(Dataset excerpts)
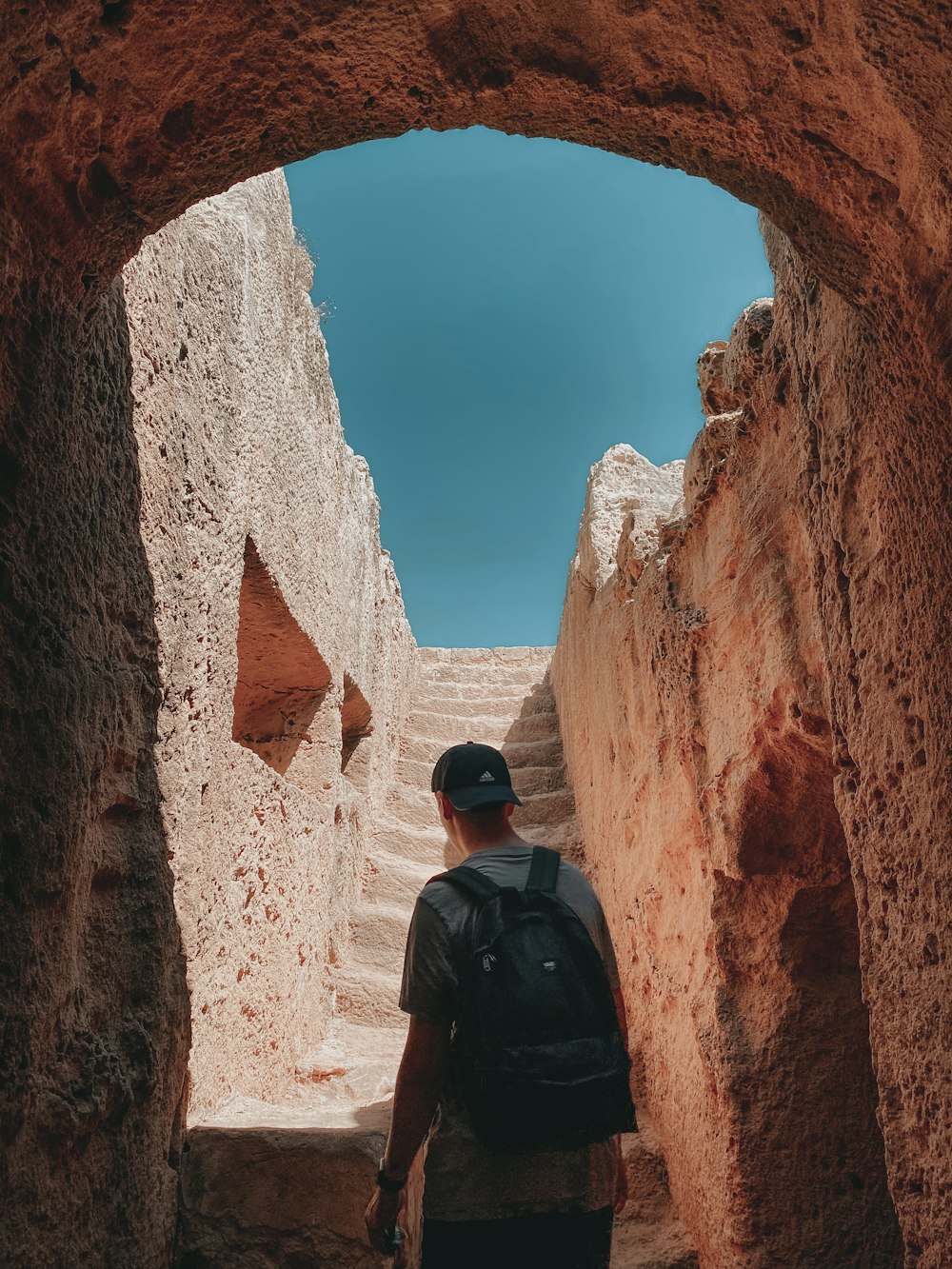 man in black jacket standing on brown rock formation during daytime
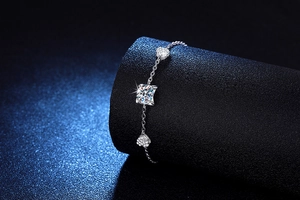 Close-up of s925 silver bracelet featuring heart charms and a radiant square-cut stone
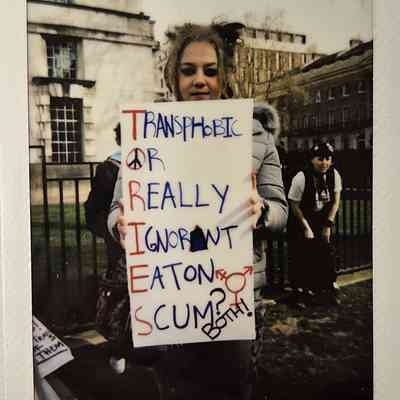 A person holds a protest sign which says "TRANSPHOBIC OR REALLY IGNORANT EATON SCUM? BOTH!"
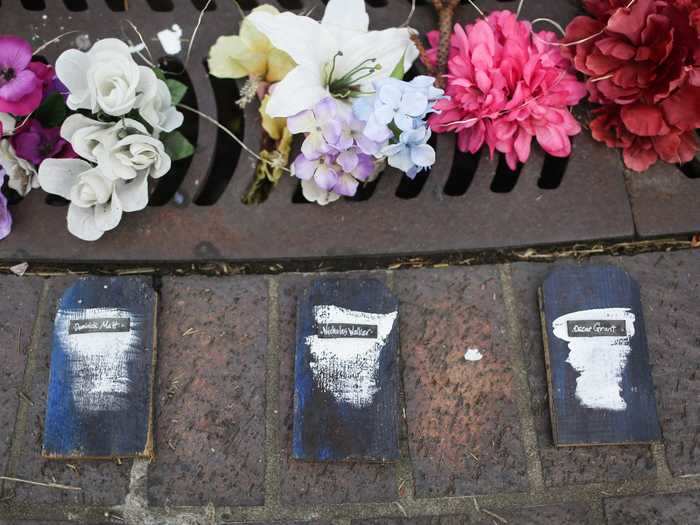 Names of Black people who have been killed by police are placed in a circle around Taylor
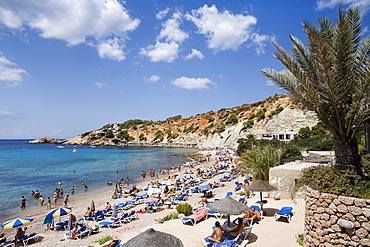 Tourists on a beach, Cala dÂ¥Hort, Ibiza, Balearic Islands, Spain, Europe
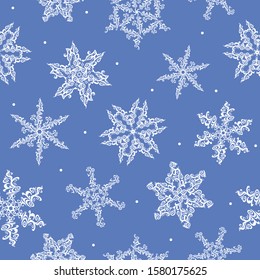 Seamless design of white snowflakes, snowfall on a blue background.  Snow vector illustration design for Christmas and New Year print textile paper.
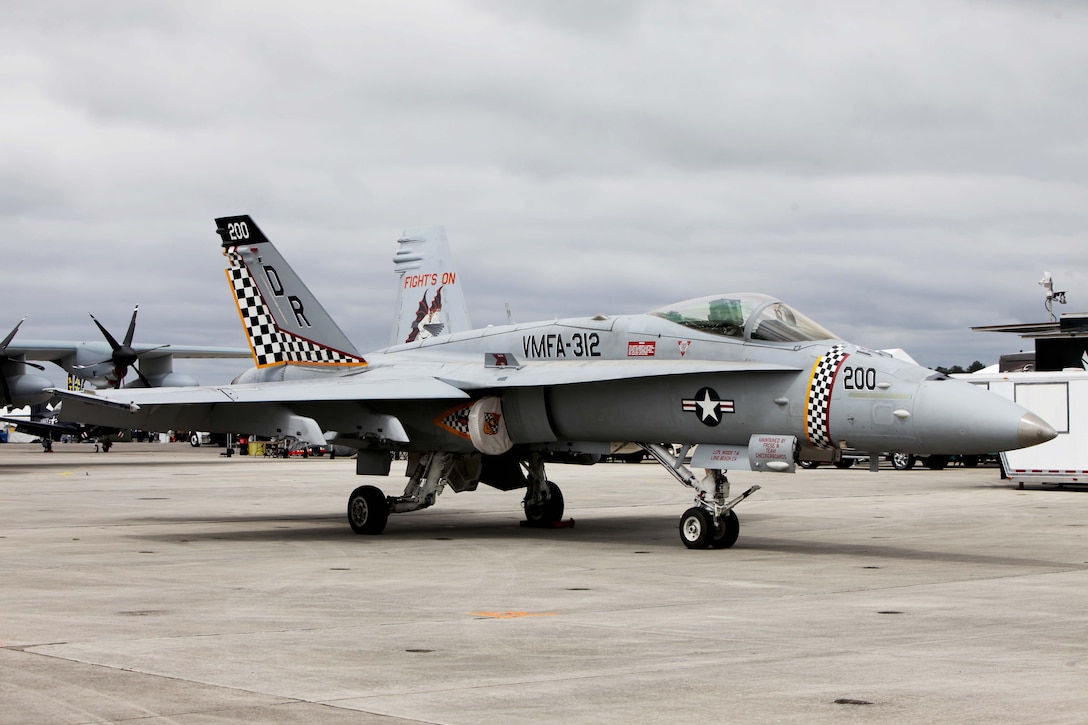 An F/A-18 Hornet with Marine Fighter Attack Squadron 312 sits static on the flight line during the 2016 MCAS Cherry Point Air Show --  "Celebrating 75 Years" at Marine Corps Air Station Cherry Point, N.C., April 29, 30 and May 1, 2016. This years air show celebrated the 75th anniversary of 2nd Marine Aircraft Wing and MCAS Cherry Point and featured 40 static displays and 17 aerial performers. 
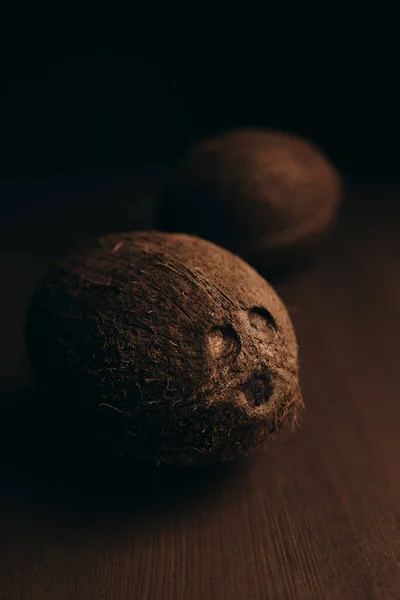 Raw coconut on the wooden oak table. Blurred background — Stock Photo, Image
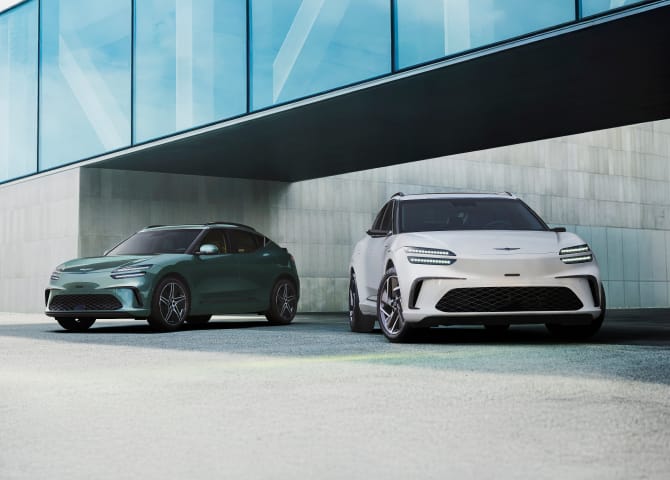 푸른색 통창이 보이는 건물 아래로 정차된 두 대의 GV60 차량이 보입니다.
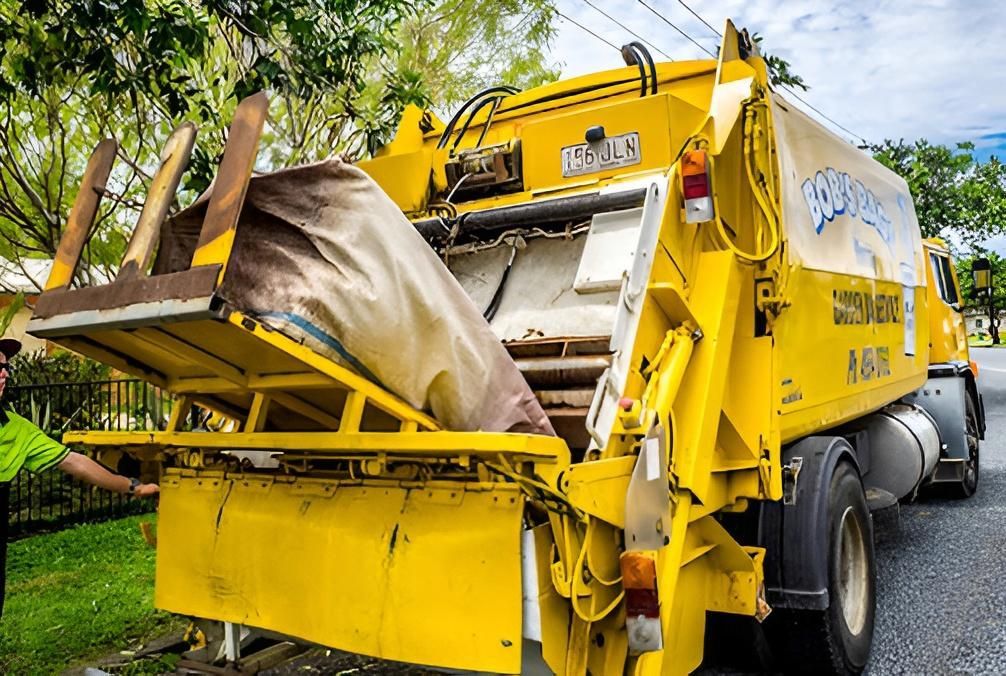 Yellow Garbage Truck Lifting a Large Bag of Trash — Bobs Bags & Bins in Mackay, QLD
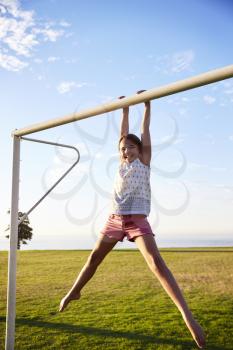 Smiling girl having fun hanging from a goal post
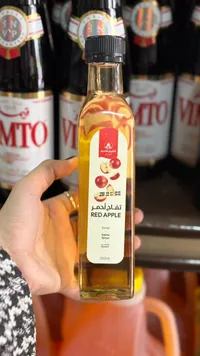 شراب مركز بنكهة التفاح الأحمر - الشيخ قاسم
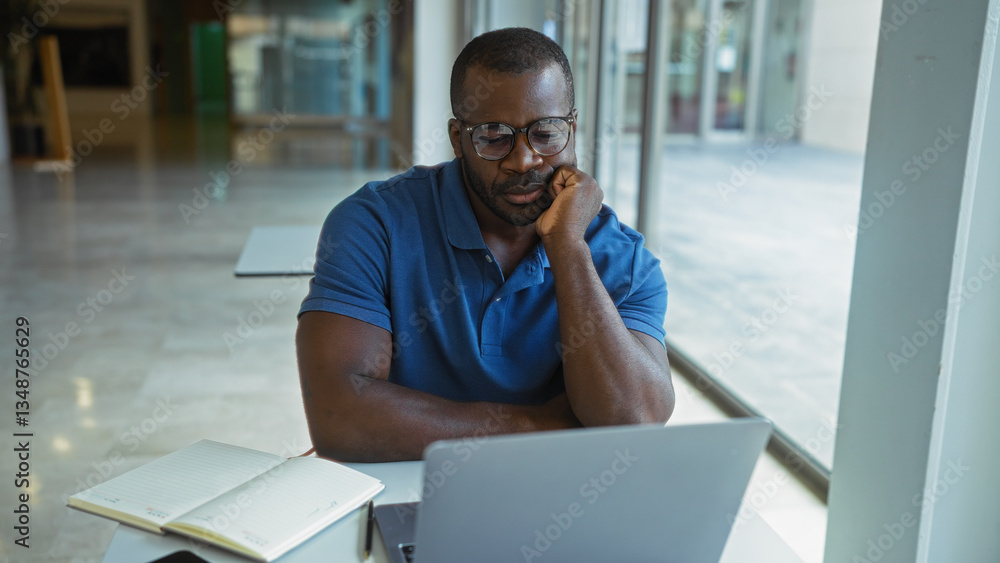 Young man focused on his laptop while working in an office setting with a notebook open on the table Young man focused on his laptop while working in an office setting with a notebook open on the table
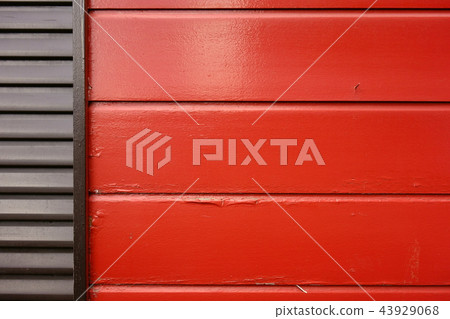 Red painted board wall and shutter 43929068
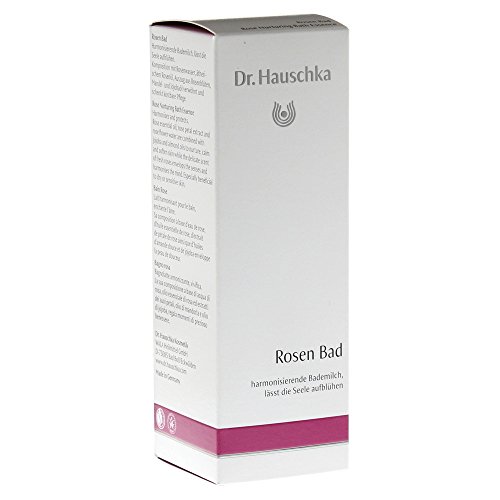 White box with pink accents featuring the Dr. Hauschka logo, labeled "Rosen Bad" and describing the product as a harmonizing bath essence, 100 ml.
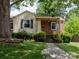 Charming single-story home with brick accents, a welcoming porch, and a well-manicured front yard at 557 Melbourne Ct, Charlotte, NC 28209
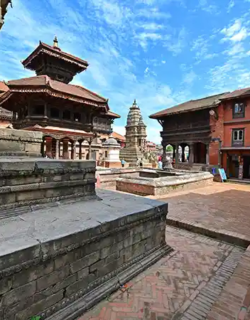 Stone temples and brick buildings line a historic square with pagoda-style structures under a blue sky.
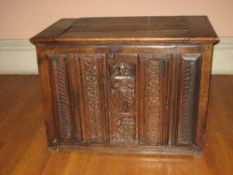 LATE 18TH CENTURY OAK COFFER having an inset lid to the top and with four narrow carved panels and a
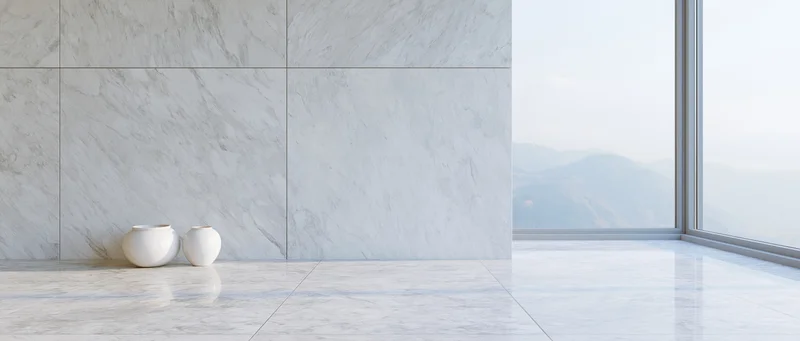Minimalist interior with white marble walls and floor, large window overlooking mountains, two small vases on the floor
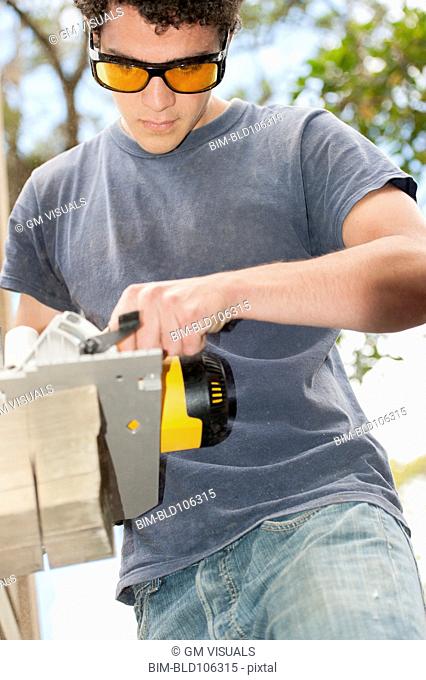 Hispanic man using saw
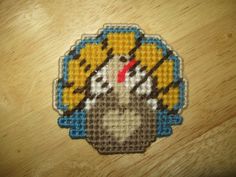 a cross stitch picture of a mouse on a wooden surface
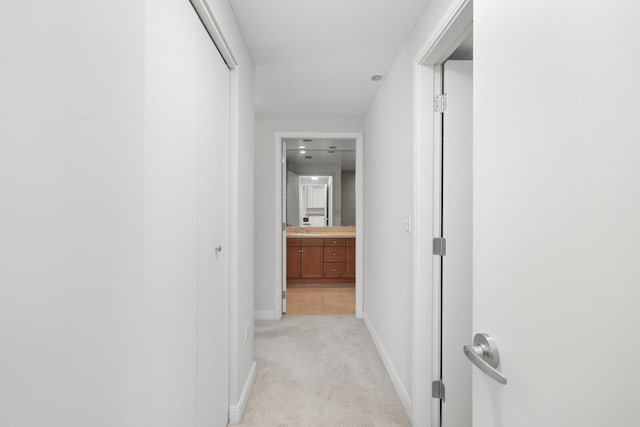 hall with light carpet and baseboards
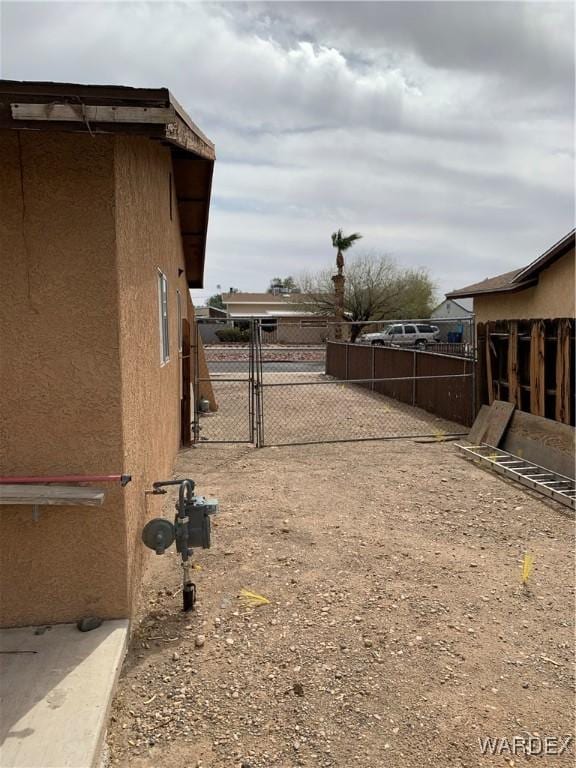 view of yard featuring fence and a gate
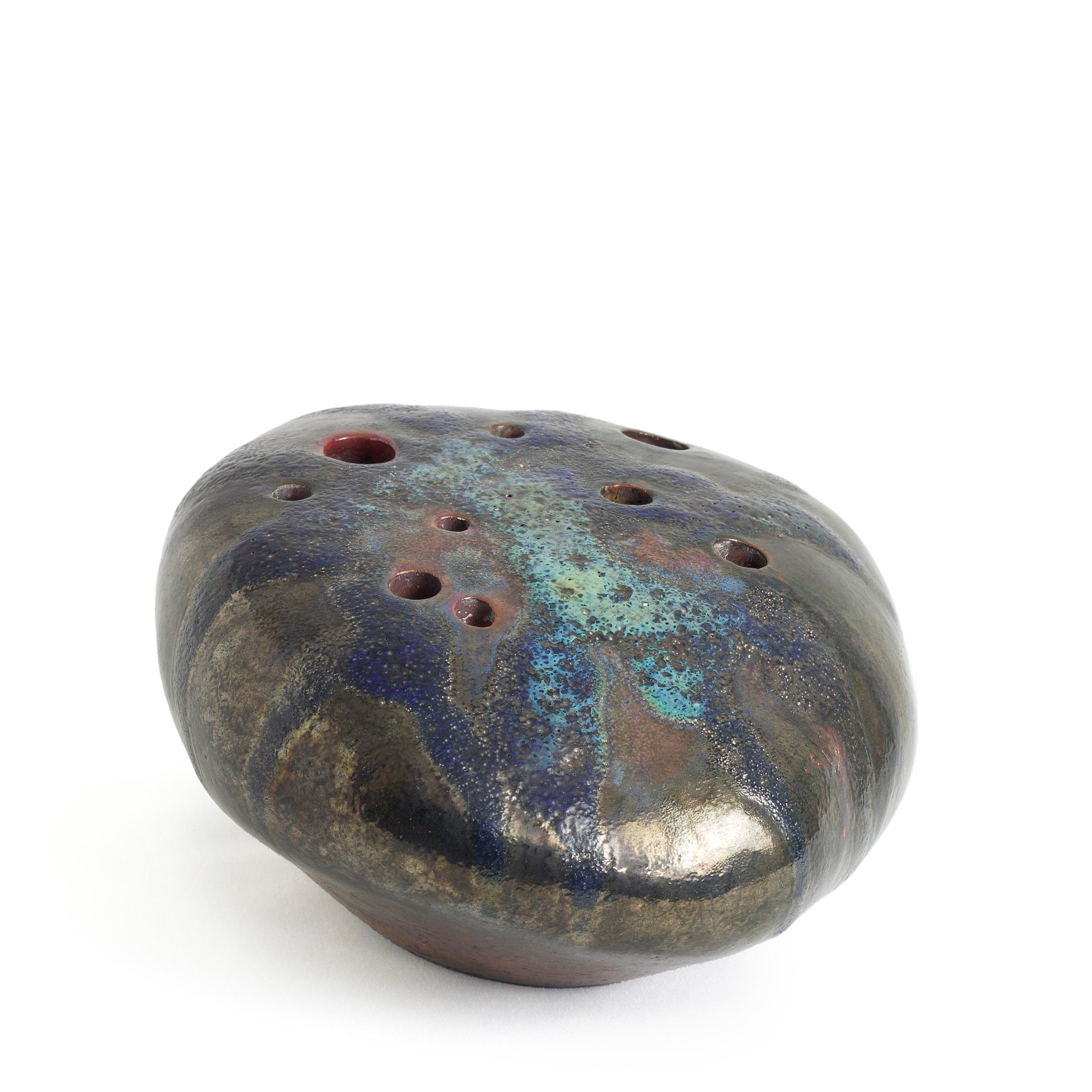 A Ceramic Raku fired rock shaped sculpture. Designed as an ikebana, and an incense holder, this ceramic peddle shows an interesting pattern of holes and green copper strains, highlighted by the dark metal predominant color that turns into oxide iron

**TASK PROMPT:** After locating the line containing "Yellow Garbage Truck" in the entries above, return it and every line after it exactly, ending at the line containing "view of yard featuring fence and a gate", without pictures.

**SOLUTION:**
 Yellow Garbage Truck Lifting a Large Bag of Trash — Bobs Bags & Bins in Mackay, QLD
 Smiling girl having fun hanging from a goal post
 شراب مركز بنكهة التفاح الأحمر - الشيخ قاسم
 Young man focused on his laptop while working in an office setting with a notebook open on the table Young man focused on his laptop while working in an office setting with a notebook open on the table
 Red painted board wall and shutter 43929068
 White box with pink accents featuring the Dr. Hauschka logo, labeled "Rosen Bad" and describing the product as a harmonizing bath essence, 100 ml.
 Charming single-story home with brick accents, a welcoming porch, and a well-manicured front yard at 557 Melbourne Ct, Charlotte, NC 28209
 Stone temples and brick buildings line a historic square with pagoda-style structures under a blue sky.
 LATE 18TH CENTURY OAK COFFER having an inset lid to the top and with four narrow carved panels and a
Minimalist interior with white marble walls and floor, large window overlooking mountains, two small vases on the floor
 Hispanic man using saw
 a cross stitch picture of a mouse on a wooden surface
 hall with light carpet and baseboards
 view of yard featuring fence and a gate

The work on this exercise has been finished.